Exclusive Rolls-Royce app ‘a facilitator’ for mega business deals

Rolls-Royce chief executive Torsten Müller-Ötvös has said that when members of ‘Whispers’, the luxury brand’s app-based private members’ club, connect with and talk to one another, business deals are “100%” being done that can even change an economy.

He was talking during select gathering in Austria of Rolls-Royce-owning high- and ultra-high-net-worth individuals about what the company says is the world’s most exclusive connected car app.

When launched in 2019, Whispers was all about luxury lifestyle: concierge support, exclusive luxury goods previews, shopping and events.

Initially curated by a tight senior Rolls-Royce team – including Müller-Ötvös – the app has developed and taken on a momentum, more so following its most recent evolutions. While the luxury lifestyle elements remain, there’s a developing inter-member introduction, communication and chat function used for both leisure and, increasingly, business purposes.

Whispers members must own a Rolls-Royce built after 2003 and they only get full features access if they own a 2018 or later model. For reference, new customer-specified cars are typically priced at €500,000 (£431,575).

There are fewer than 20,000 Whispers members globally. LinkedIn has 930 million, and Facebook 2.98 billion users.

Questions to Müller-Ötvös’s senior colleagues about the security of the app are met with a very Rolls-Royce response: silence and a smile.
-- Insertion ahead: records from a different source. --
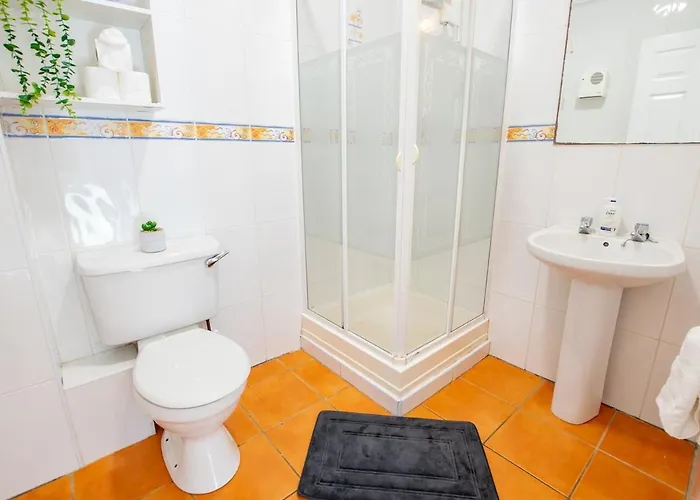 Large 4 Bed In Лимерик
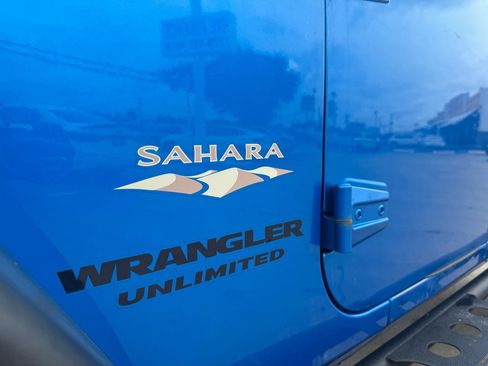 Used 2015 Jeep Wrangler Unlimited Sahara w/ Connectivity Group AWD/4WD image 6
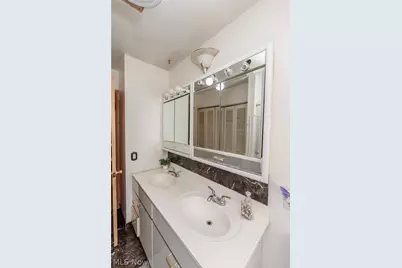 19157 Howe Road, Strongsville, OH 44136 - Photo 21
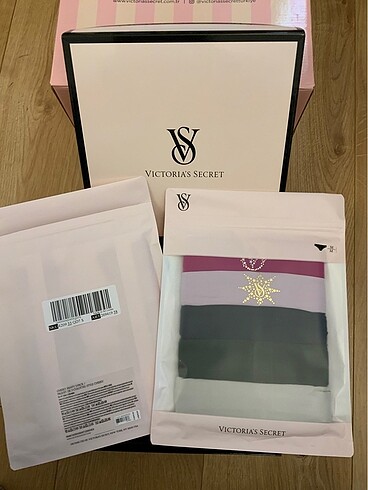 Victoria s Secret Victoria?s Secret 5li iç çamaşır seti. Cheeky lazer kesim model,
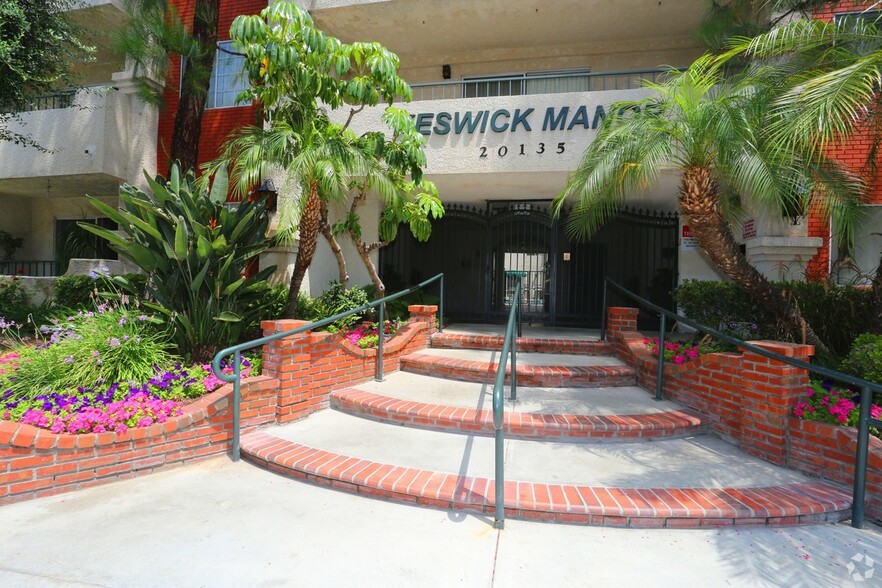 Building Photo - Keswick Manor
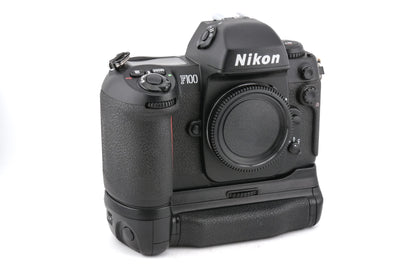 Nikon F100 + MB-15 Multi-Power High Speed Battery Pack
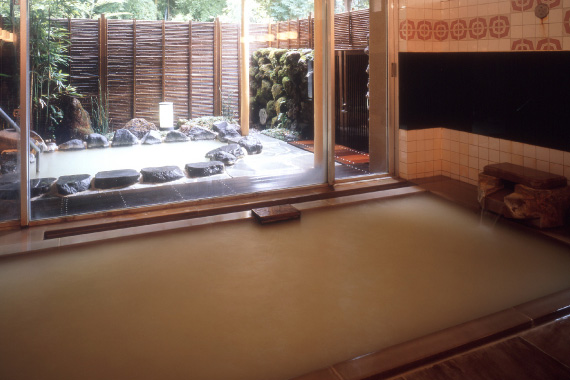 内湯（女性用）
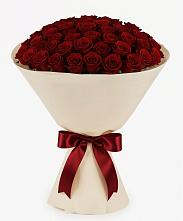 Букет 101 Бордовая роза Блэк Бакарра в Каменке Воронежской области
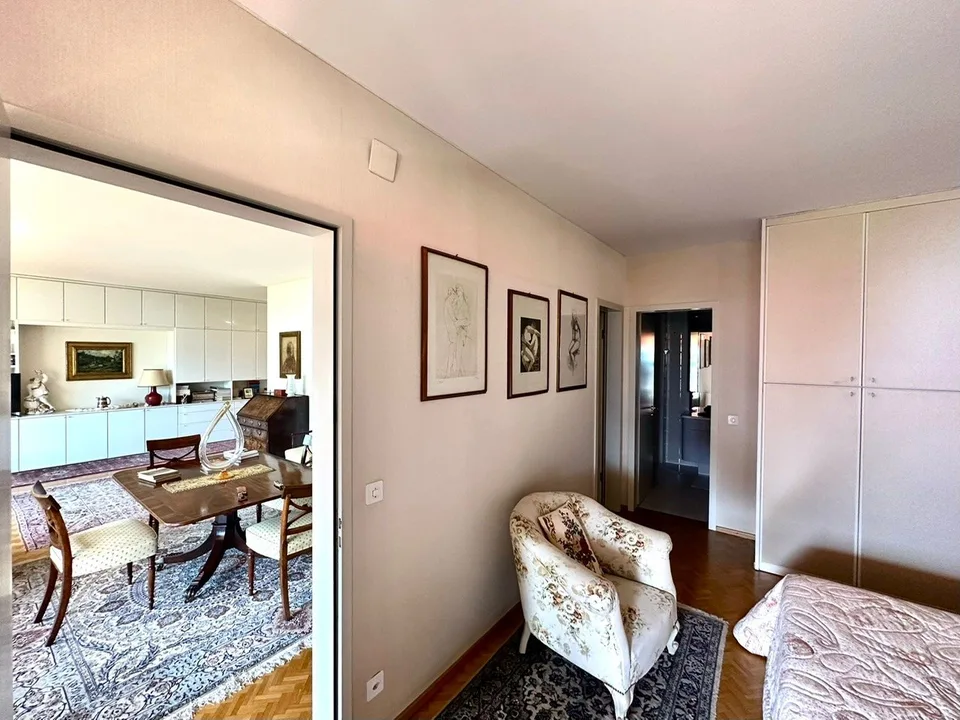Elegantes Appartement mit Seeblick-Terrasse – Foto 6 von 8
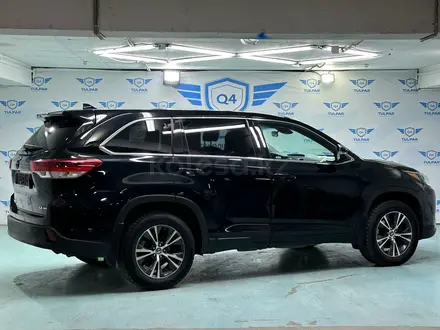 Toyota Highlander 2019 года за 16 000 000 тг. в Астана – фото 2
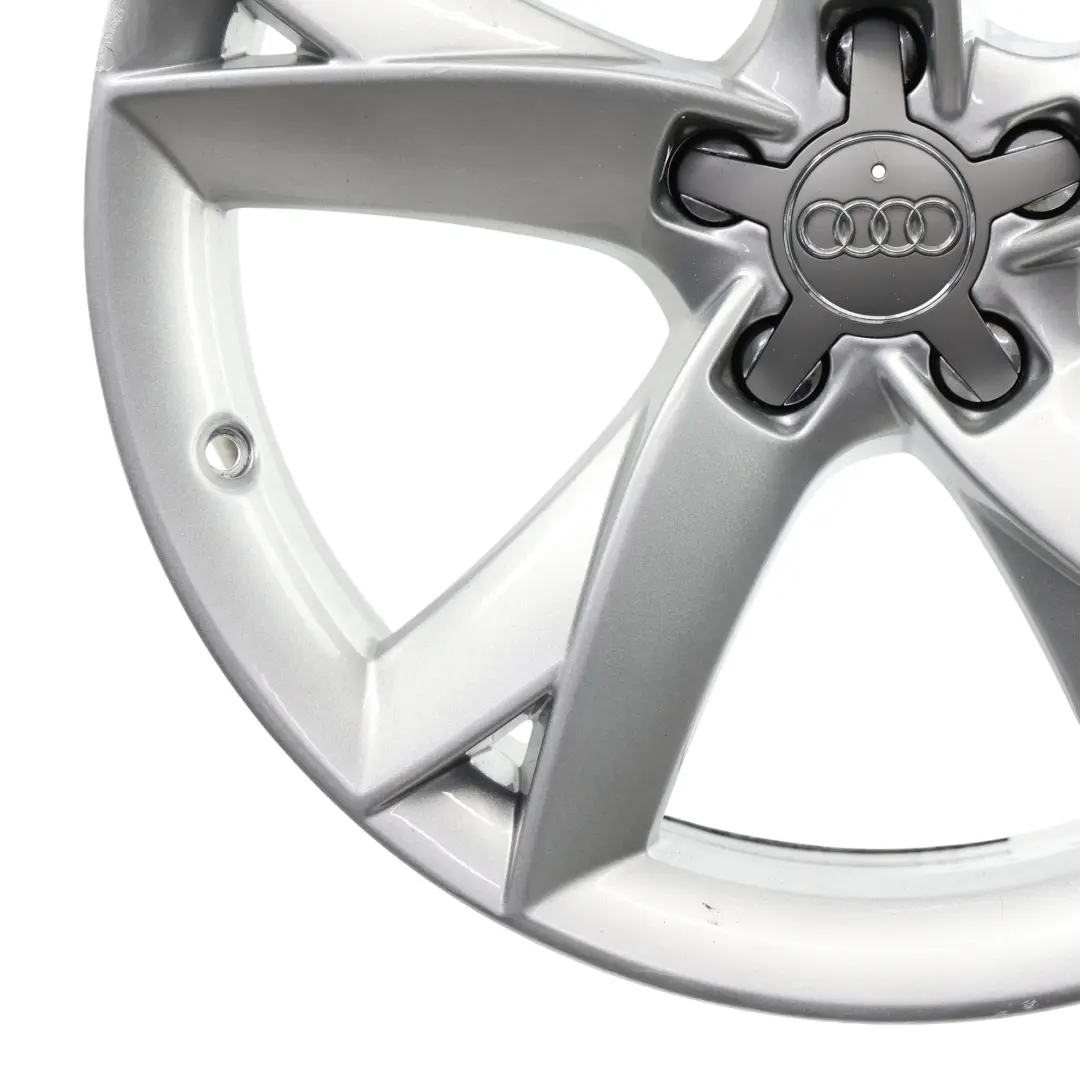 Jante argentée en alliage 19" 8.5J ET:32 Star Spoke pour Audi A5 8T à propos du numéro de pièce 8T0601025F Audi A5 8T Jante argentée en alliage 19" 8.5J ET:32 Star Spoke - SKU 8T0601025F-2 - Numéro de pièce 8T0601025F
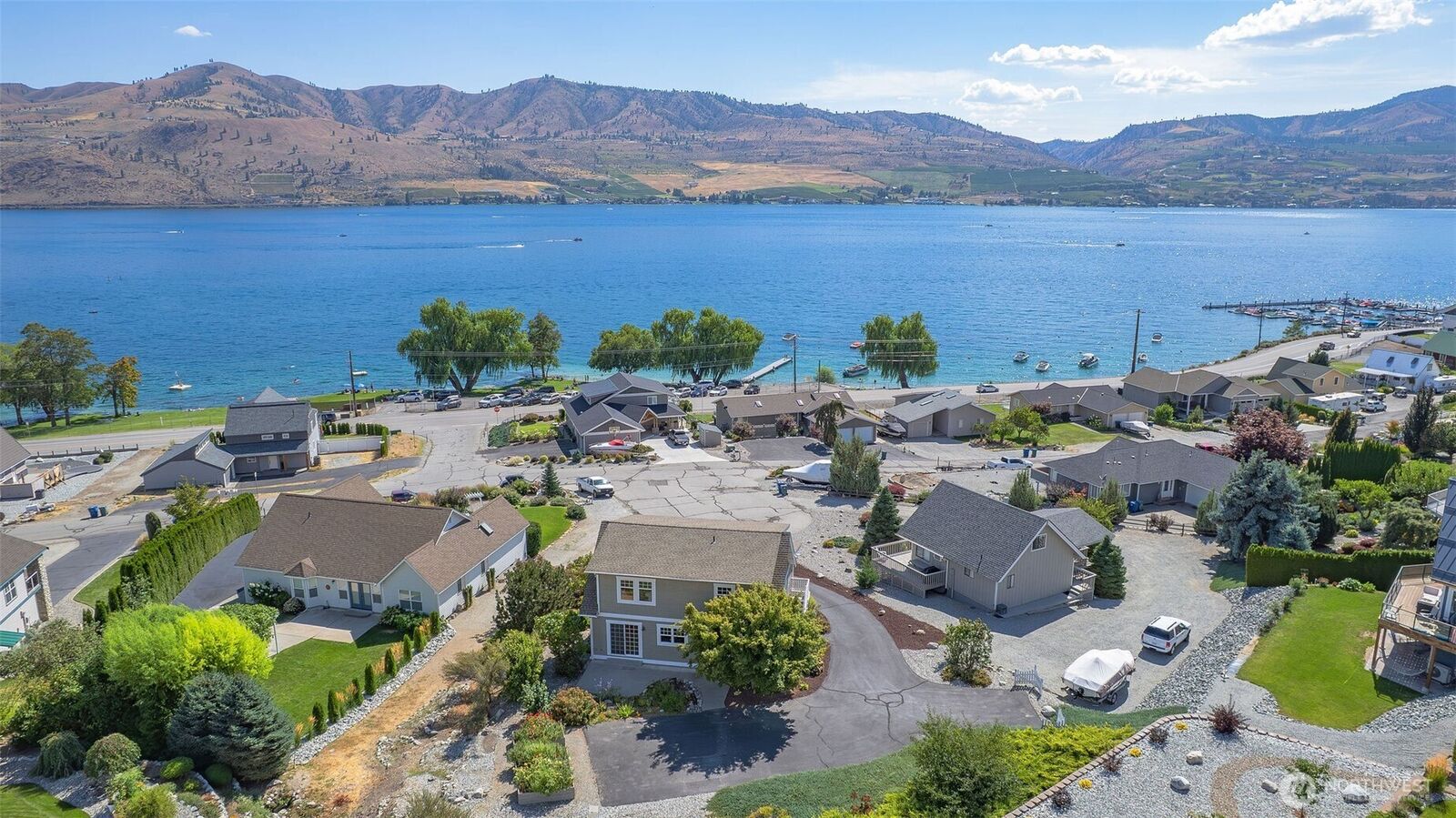Property Photo:  100  Eldorado Way  WA 98816 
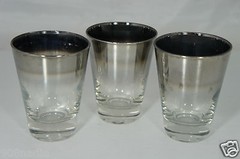 VINTAGE QUEEN’S LUSTERWARE MIRROR RIM SMALL JUICE OR WATER GLASSES SET OF 3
Alexander Steinbrueck, Whispers operations manager at Rolls-Royce, said: “We are a facilitator. [Clients] talk to each other. Whispers is not a corporate communications channel.

“[Clients] meet on Whispers. They go on vacation together. It just shows how homogeneous this group of people is. In the business aspect, I know of a customer in the financial industry who I had a phone call with. For him, it’s a great source of making business connections with other like-minded people. He says it couldn’t be a better filter or selection of people, and he uses it very often.”